What is Data Warehouse Analytics?
Data warehouse analytics leverages large volumes of disparate data which has been centralized in a single repository, known as a data warehouse, for use in data analysis, data discovery, and self-service analytics. The emergence of data warehouses has largely been driven by the need for a higher level view of a business metrics and the need to de-compartmentalization business applications used in different departments.
We’ll talk a little bit more about what a data warehouse actually is, and how it differs from some of the other data repository technologies of today, but first let’s discuss the goal of data warehouse analytics in the context of an actual business example:
Let’s imagine that you create an enterprise resource planning software. For those who are unfamiliar with ERP systems, their purpose is to help manage important parts of a business from planning, inventory, sales, finance, to human resources. They provide value to organizations by simplifying the majority of business workflows in a business, but also provide the added benefit of providing high-level views of a business through the data it collects. This data can be extremely useful for identifying potential areas of improvement in the business.
One of the difficulties of developing and implementing an ERP system is the inclusion of outside data systems. For example, a customer may use your system for planning, inventory, finance, and human resources, but may use a separate system for sales. So how do we help include the information from that separate system in our system? What if your customer had other disparate data they wanted to include in this centralized system for use in decision making and the discovery of new patterns in their business? Adding access to that information can be done through the application layer, but that requires developing complex API connections. Adding access can also be done in the data layer, and that’s where a data warehouse comes in.
So What is Data Warehouse?
A data warehouse is a repository for storage of disparate data that an organization’s business systems collect and use for guided decision making.

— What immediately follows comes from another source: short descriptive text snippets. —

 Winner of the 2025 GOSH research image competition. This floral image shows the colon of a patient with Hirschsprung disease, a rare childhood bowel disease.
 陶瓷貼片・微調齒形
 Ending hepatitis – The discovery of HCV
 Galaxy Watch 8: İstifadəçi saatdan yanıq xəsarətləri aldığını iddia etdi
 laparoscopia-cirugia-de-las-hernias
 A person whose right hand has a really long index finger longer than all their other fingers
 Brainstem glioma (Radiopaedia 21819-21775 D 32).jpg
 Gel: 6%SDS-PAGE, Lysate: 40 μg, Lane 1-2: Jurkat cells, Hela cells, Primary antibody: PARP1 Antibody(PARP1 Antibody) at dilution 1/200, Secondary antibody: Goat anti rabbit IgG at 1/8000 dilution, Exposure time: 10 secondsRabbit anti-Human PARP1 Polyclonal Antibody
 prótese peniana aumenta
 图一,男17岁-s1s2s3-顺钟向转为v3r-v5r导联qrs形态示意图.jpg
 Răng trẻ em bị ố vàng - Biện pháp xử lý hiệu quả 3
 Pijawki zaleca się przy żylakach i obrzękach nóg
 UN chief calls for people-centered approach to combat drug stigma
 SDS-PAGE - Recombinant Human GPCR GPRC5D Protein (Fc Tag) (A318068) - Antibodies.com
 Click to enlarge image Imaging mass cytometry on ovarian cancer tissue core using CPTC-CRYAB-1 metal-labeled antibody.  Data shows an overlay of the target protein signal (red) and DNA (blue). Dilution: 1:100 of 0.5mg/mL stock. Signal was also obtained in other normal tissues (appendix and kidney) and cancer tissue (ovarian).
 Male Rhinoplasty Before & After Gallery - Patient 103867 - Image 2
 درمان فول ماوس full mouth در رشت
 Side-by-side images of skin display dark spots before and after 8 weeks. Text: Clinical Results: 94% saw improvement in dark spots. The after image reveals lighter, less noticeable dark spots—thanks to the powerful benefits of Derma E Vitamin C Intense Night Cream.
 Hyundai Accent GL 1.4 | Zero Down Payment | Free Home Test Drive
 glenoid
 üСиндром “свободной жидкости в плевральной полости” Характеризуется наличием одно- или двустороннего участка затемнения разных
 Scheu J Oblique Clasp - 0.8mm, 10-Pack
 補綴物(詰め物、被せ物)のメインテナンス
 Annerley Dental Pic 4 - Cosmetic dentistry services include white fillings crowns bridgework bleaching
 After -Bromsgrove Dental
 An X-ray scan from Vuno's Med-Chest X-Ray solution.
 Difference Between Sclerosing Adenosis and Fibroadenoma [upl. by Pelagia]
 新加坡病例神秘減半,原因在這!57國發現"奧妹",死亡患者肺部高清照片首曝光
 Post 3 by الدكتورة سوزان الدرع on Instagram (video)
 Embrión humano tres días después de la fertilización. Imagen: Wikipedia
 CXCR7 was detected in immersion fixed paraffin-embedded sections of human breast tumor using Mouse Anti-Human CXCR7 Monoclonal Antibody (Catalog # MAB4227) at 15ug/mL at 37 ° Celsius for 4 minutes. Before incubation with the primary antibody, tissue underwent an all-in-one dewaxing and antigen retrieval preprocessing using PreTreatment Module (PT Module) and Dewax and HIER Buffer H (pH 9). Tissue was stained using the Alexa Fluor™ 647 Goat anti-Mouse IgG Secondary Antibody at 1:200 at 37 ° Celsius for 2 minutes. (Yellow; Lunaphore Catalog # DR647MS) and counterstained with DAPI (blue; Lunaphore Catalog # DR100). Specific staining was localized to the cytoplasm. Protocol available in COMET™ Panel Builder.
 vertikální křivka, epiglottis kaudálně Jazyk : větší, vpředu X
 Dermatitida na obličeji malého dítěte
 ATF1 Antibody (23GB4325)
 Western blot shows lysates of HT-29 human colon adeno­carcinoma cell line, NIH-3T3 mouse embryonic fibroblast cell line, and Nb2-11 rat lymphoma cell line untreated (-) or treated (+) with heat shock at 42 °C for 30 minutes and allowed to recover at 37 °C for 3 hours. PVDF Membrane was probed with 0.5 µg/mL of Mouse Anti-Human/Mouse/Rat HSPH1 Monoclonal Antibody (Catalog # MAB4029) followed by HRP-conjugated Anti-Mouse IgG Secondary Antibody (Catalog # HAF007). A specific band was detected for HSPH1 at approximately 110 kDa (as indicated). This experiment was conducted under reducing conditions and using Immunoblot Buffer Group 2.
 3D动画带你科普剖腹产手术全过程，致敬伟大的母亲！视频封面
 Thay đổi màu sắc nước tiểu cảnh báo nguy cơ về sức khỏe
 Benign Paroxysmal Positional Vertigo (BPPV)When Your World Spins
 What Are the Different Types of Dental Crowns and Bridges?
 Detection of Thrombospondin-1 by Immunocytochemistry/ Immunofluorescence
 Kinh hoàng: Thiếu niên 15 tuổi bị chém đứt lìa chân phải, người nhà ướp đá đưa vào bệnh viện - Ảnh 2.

The main goal of a data warehouse is to house a lot of data from a variety of sources for reporting and analysis. The benefit of a data warehouse is that it can accommodate any number of applications and integrate their data for a “single version of the truth.” This allows analysis from any point of your organization to be consistent and all your users are on the same page.
Data warehouses are built with the single version of the truth in mind. However, they can include an end user point-of-view known as a data mart, a subset of a data warehouse dedicated to a specific line-of-business. When considering the creation of a data warehouse, there are two approaches: top down and bottom up. The top-down approach focuses on creating the central data warehouse first and then building data marts for specific user groups. In contrast, the bottom-up approach focuses on building dedicated data marts first and then combining them to create the central data warehouse.
What’s the Real Difference between a Database, Data Warehouse, and Big Data?
A data warehouse is just one type of data repository, and as the growth of data being generated by modern applications increases, it’s important to know the distinction and usage of the most commonly used data repositories for analytics.
The most common type of data repository is a relational database. A relational database collects data and organizes it into formal tables which can be transitionally accessed and connected to in different ways depending on the need of the person using the data. The way information is pulled from a relational database is via structured query language (SQL). SQL statements, to put it simply, are defined queries which specify what tables or what parts of tables should be pulled. SQL is very flexible and can be used for a wide variety of purposes.
Relational databases can be easily used by most BI applications and depending on the application you can mash up different databases for deeper data discovery. But relational databases do have their limitations in this use case specifically. The functional construct which allows for data mashup of relational databases inside of a BI application (that is if the BI application isn’t utilizing a data warehouse), is a metadata layer. A metadata layer describes information about other data, and when used in this context means that the data is not physically combined but rather the definitions are stored in one single place and the data from different sources can be used in one place. The physical structure of the data too remains unchanged; meaning the ability to draw connections between data sources can be limited in some instances. For the vast majority of use cases though, relational databases provide more than enough performance and capabilities for use in analytics.
Where data warehouse analytics comes in, is as previously described, when the physical structure of a multitude of data resources is disparate and too complex to easily combine in a metadata definition layer. Data warehouses overcome this problem by physically combining these data sources into a single data repository. The backend infrastructure of which may contain tools like ETL tools which allow different data structures to be transformed into a more easily understood data vault. In scenarios with many disparate datasources, this optimizes the act of pulling out information for analysis and is thereby used for this purpose. Data warehouses are also designed to be able to query larger amounts of structured data than utilizing multiple databases. This is because the more complex the query the more processing power is needed to perform it. When all of your data is in a single source and structure, your queries become simpler.
Big data sources, as its name implies, also hold large amounts of data. The difference being that data help in a big data source is normally unstructured or has only some semi-formal structure. This has its own benefits in and of itself in that analysis which requires multiple iterations of querying (i.e. querying different levels of data in one statement) can be simplified.
- Data warehouse analytics enables you to find meaningful patterns in your data through combining multiple data sources into a more easily understood data source.
- The ability to join multiple data sources in a data warehouse can come with performance gains when compared to utilizing multiple relational databases with widely different data structures.